**Extracted data**
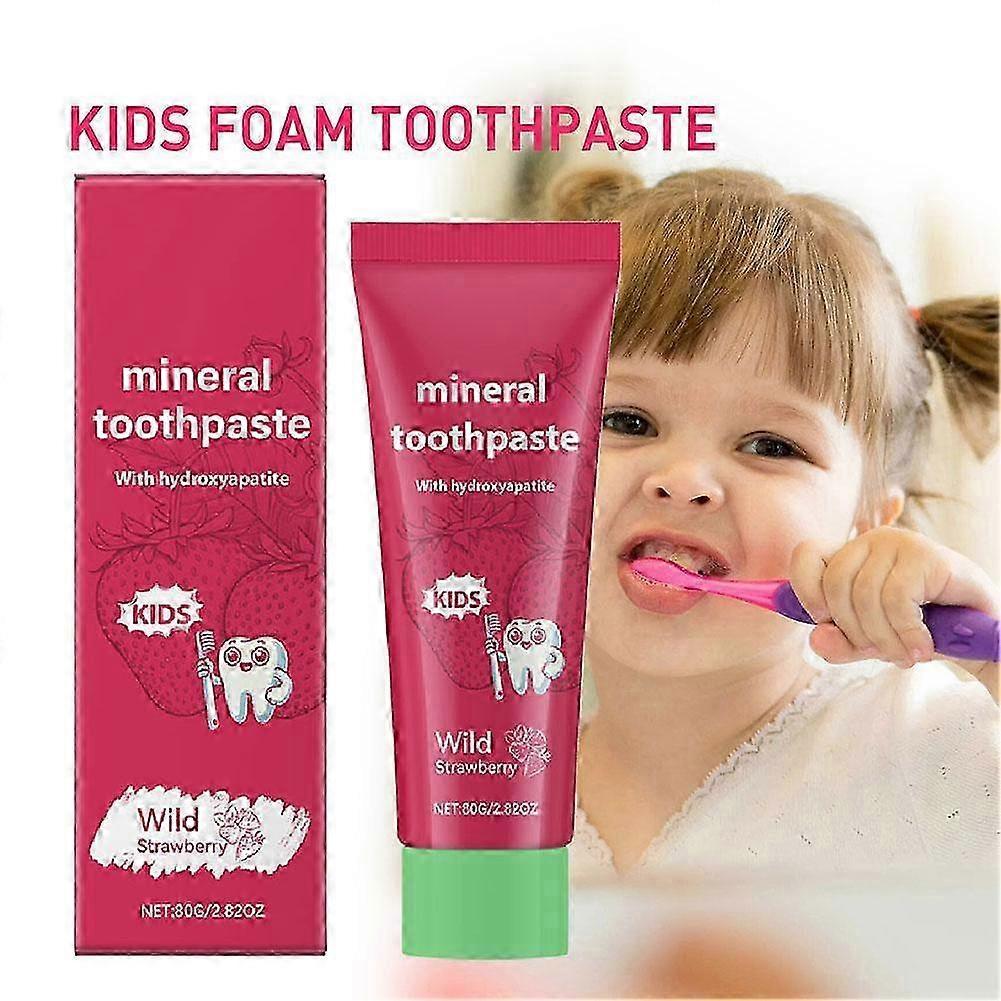 For Kids Strawberry Probiotic Hydroxyapatite Toothpaste 80g Fluoride Free Safe Swallowable Enamel Repair Cavity Protection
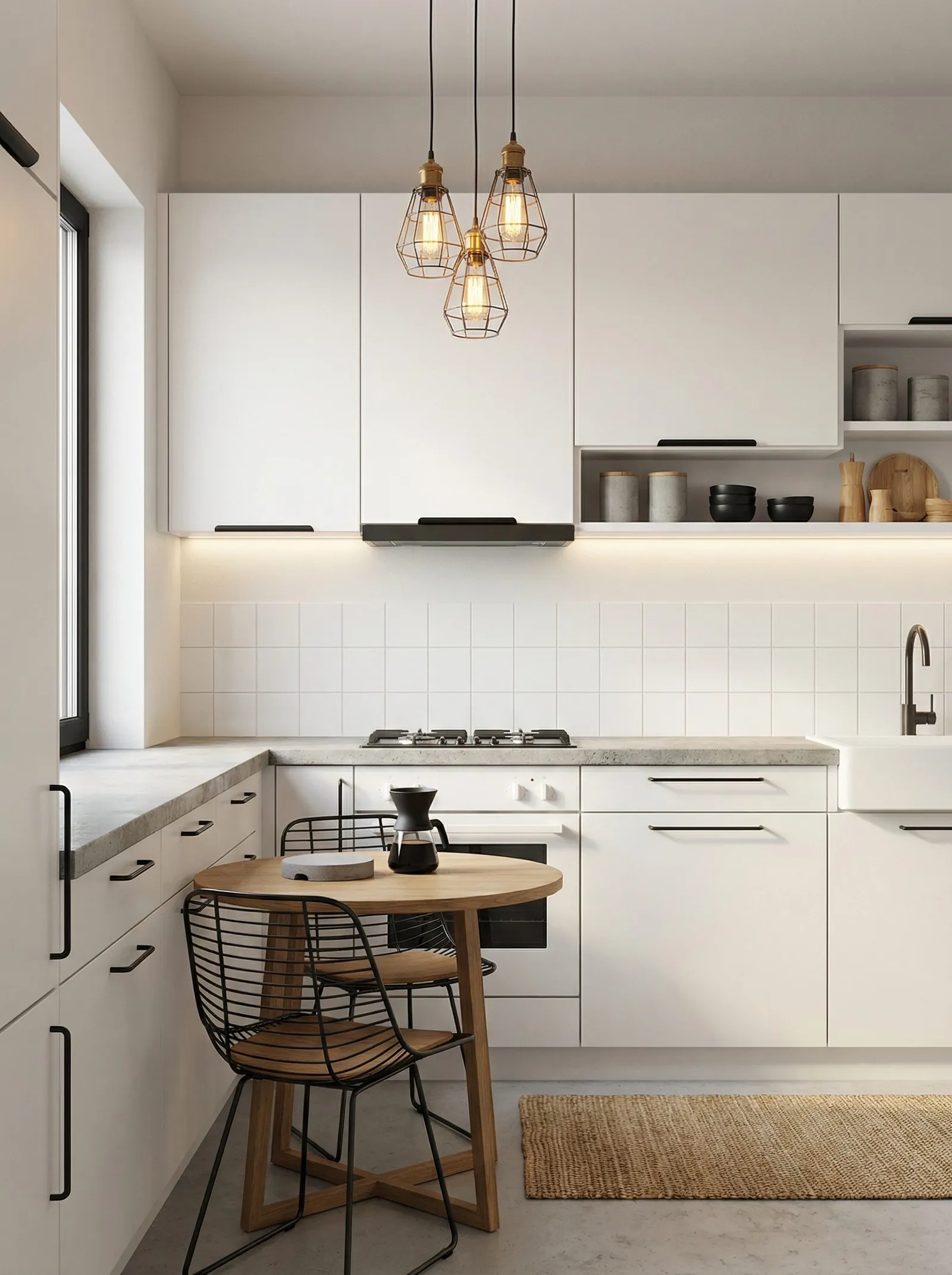 All-white kitchen with black bar handles, white square tile with grey grout, grey concrete-look worktop, black-framed window, three caged filament pendants, black tap, polished concrete floor and a round oak table with black wire chairs.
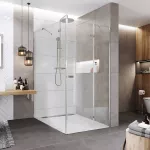 Mereo Sprchový kout, Novea, obdélník, 90x100 cm, chrom ALU, sklo Čiré, dveře pravé a pevný díl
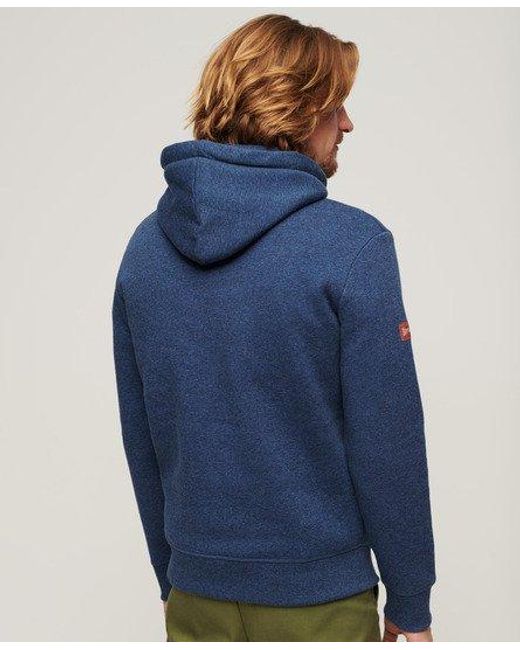 Superdry Blue Embossed Archive Graphic Hoodie for men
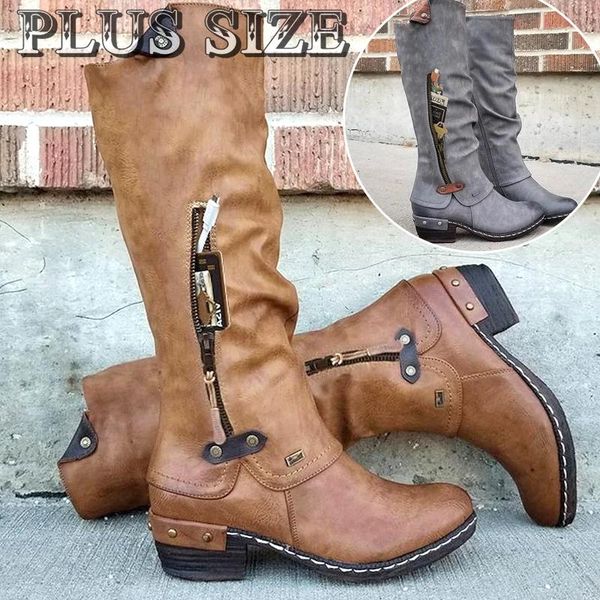 

женские сапоги western cowboy knee-high панк низкий толстый каблук на молнии женские женские туфли зимняя обувь зимние сапоги женщины, Black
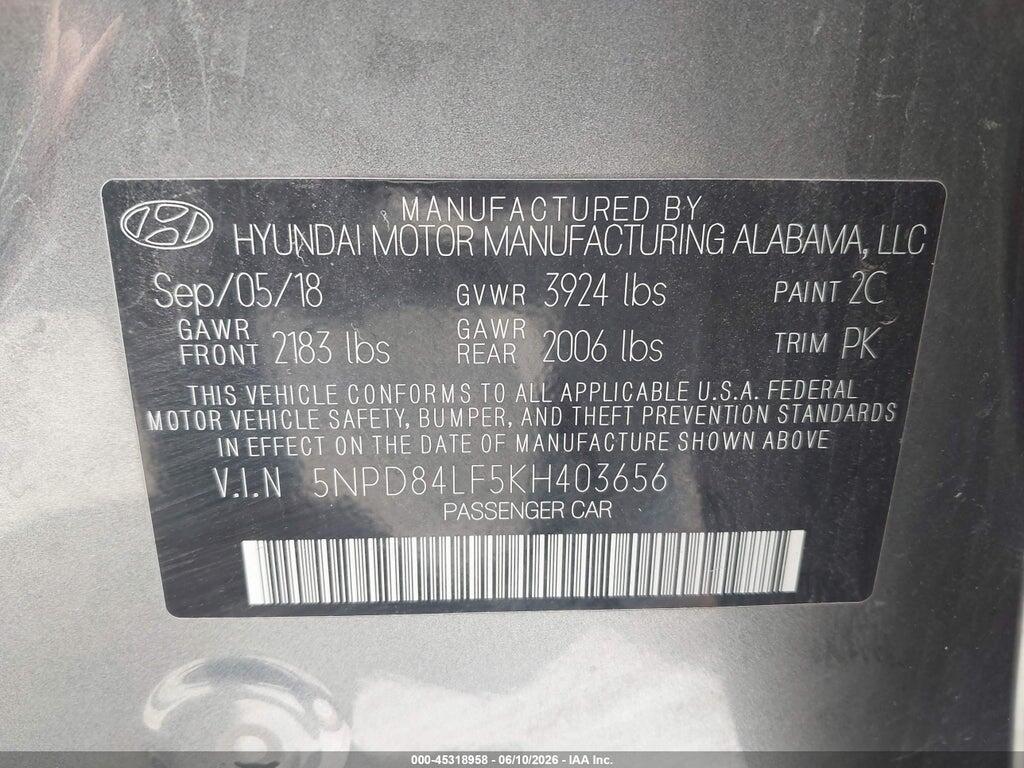 5NPD84LF5KH403656 2019 HYUNDAI ELANTRA photo no. 9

**What needs to be done**
Transcribe only these lines, exactly: the first line of the listing, every line after it, and the line with "Mereo Sprchový kout, Novea, obdélník, 90x100", where the copy ends. Include no picture.

**Answer space**
 For Kids Strawberry Probiotic Hydroxyapatite Toothpaste 80g Fluoride Free Safe Swallowable Enamel Repair Cavity Protection
 All-white kitchen with black bar handles, white square tile with grey grout, grey concrete-look worktop, black-framed window, three caged filament pendants, black tap, polished concrete floor and a round oak table with black wire chairs.
 Mereo Sprchový kout, Novea, obdélník, 90x100 cm, chrom ALU, sklo Čiré, dveře pravé a pevný díl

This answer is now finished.